→ **Problem to solve**: Your answer must be the lines from the first record through the line that contains "This article was", copied exactly and without any pictures.
- - -
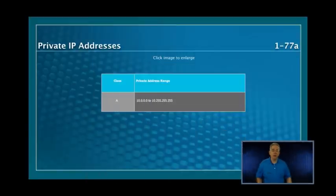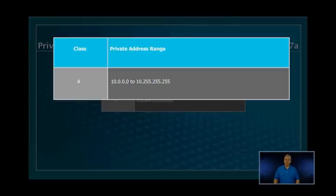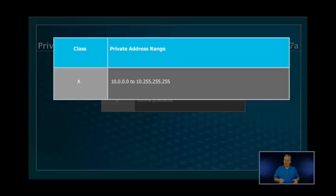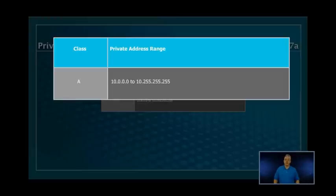You do need to memorize the range of addresses. We have a Class A, some Class Bs, and Class Cs. Memorize the ranges — you have to know them. The most popular range is the 10 address range. Unless you're in a home environment using a consumer-level device, you are likely using a 10 address range because it gives you 16,777,000-some odd addresses and they're free. You can break them up by Class Bs or custom subnetting. The range is 10.0.0.0 to 10.255.255.255 — this is what you're going to see the most of.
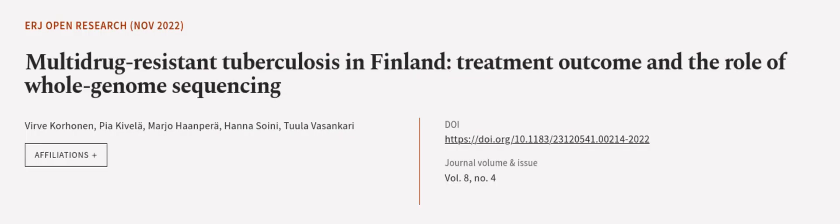This article was authored by Verve Korhonen, Pia Kivula, Marjo Hanpera, and others.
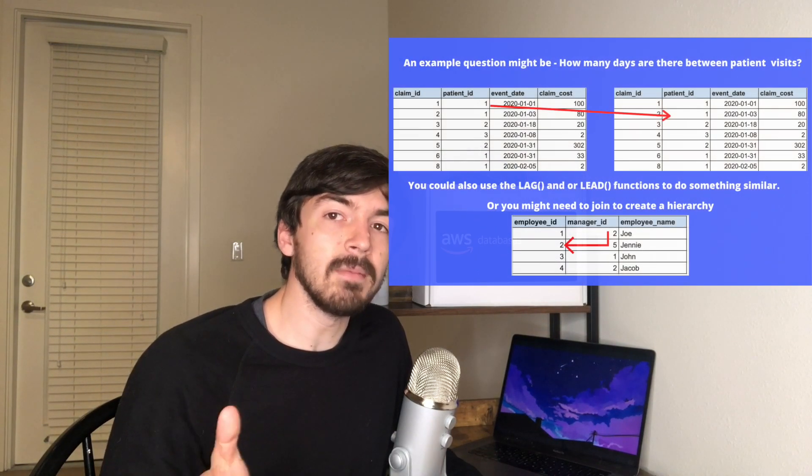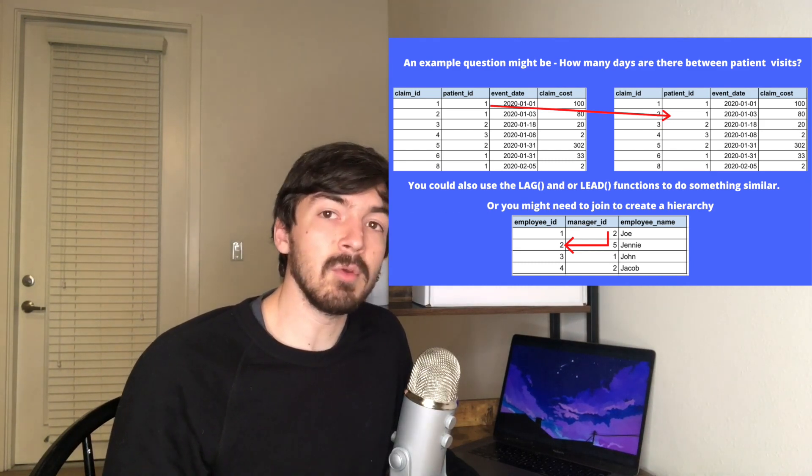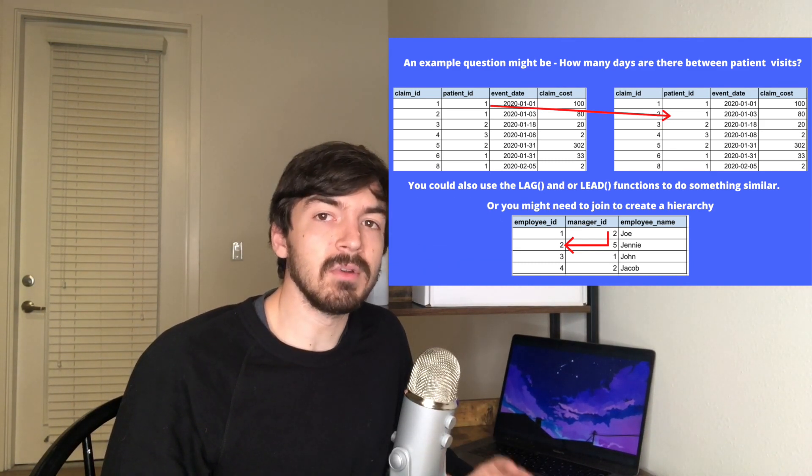Tip number one is self-joins. A common skill SQL tests will look for is if the interviewee understands the concept of a self-join. For those who don't know what a self-join is, it's basically when you join one table to itself. You might be wondering why you need to join a table to itself. I'll give some real-life examples. I've had to join a table to itself in healthcare a few different times — for example, when trying to figure out the difference between days when a patient was readmitted. You join the first visit to the second event, which is essentially joining the same table.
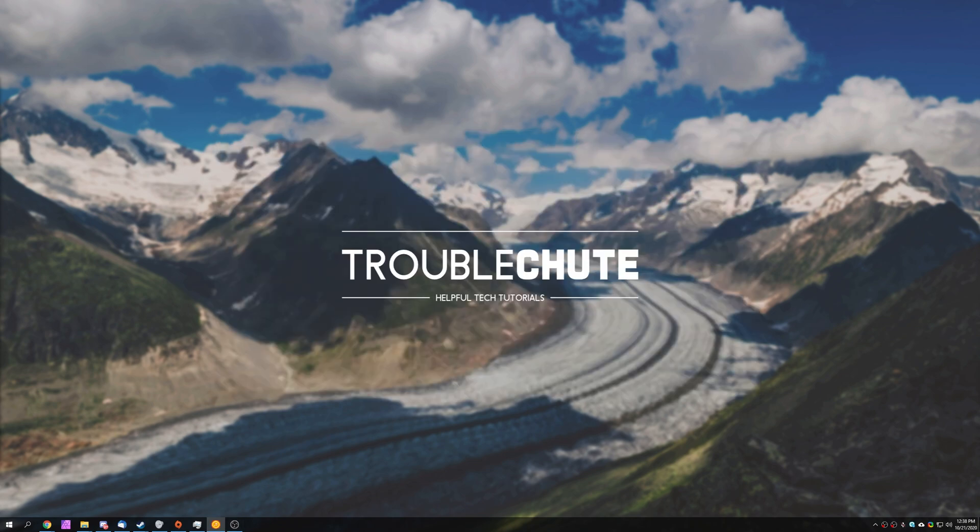But anyway, I hope you found this video somewhat useful. My name has been Technobo here for Troubleshoot, and I'll see you all next time. Ciao!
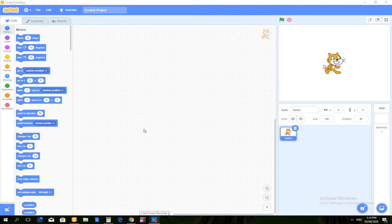Hello guys, welcome to another video. Today we are going to make a chess game on Scratch. I know that it's very hard to make chess games in Scratch, so I'm gonna show you how. First, let's start making the board.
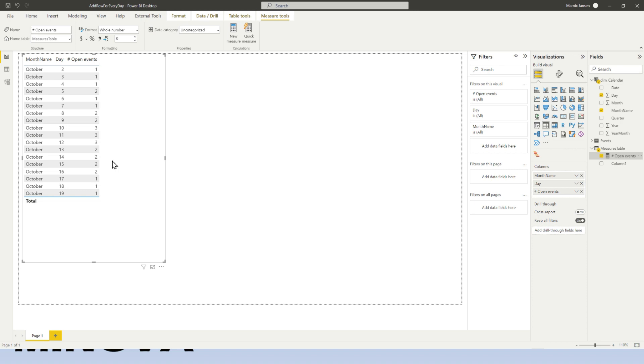But if you don't want to write this kind of DAX or you have a different scenario, which is probably the case, for whatever reason, this doesn't solve your issue. And so you actually need to convert that table and make sure that you have a row in your table for every day in between the two dates, the start and the end date. So let's have a look at how we would fix that.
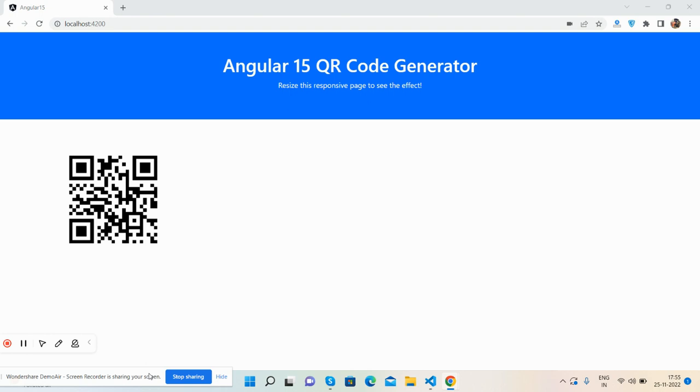So here we go. On my screen you can see Angular 15 is working fine, and you can see one QR code that I have generated in Angular 15.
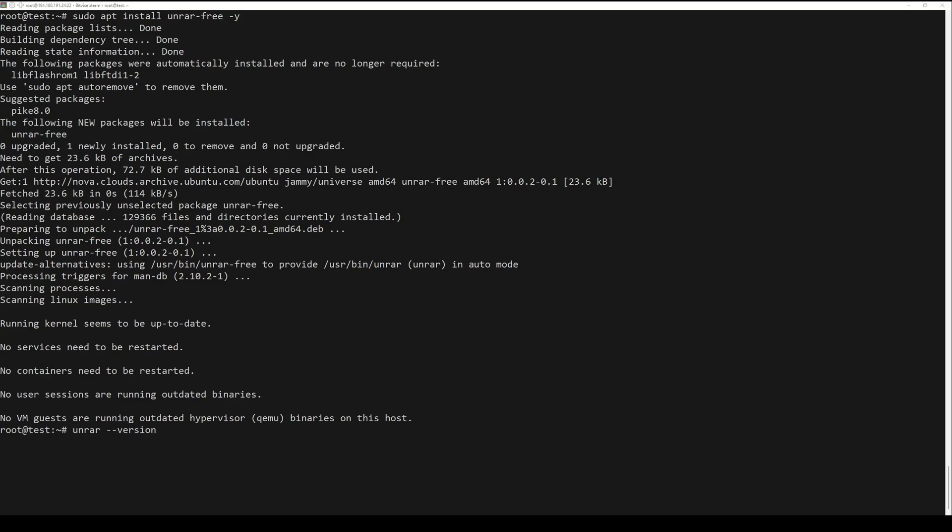You can extract or open a RAR file in a current directory using the next command.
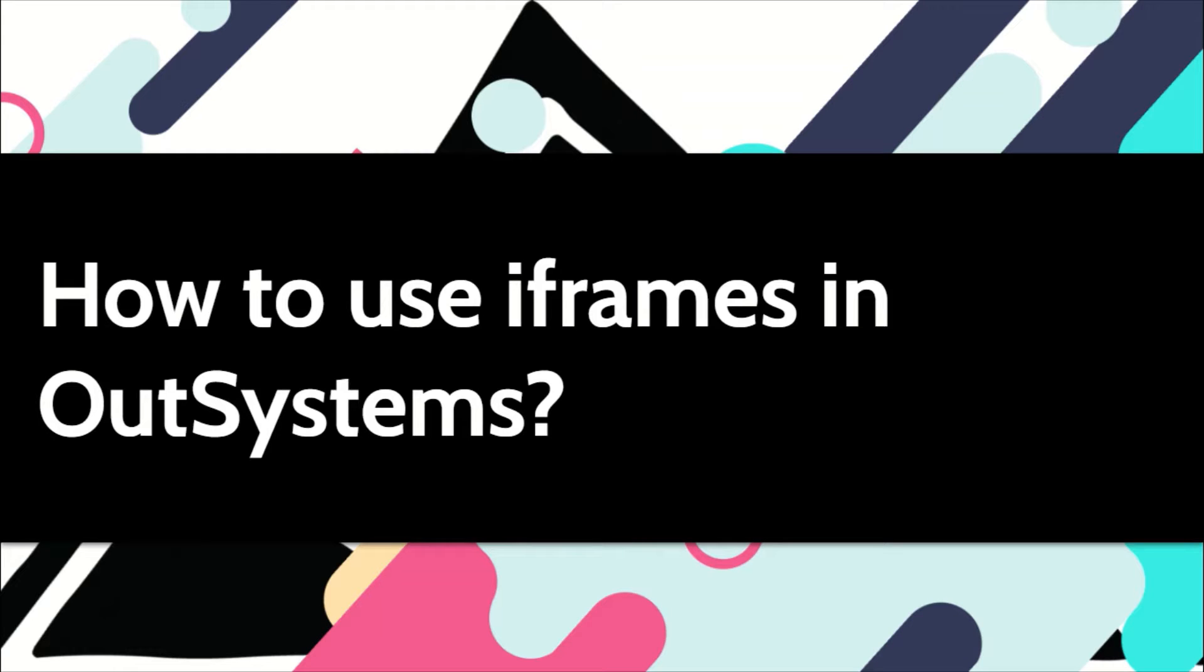iFrames provide an easy way to embed content from other sites into your applications. In this video, let me show how we can use iFrames in OutSystems.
- - -
→ **Answer for the task**:
You do need to memorize the range of addresses. We have a Class A, some Class Bs, and Class Cs. Memorize the ranges — you have to know them. The most popular range is the 10 address range. Unless you're in a home environment using a consumer-level device, you are likely using a 10 address range because it gives you 16,777,000-some odd addresses and they're free. You can break them up by Class Bs or custom subnetting. The range is 10.0.0.0 to 10.255.255.255 — this is what you're going to see the most of.
This article was authored by Verve Korhonen, Pia Kivula, Marjo Hanpera, and others.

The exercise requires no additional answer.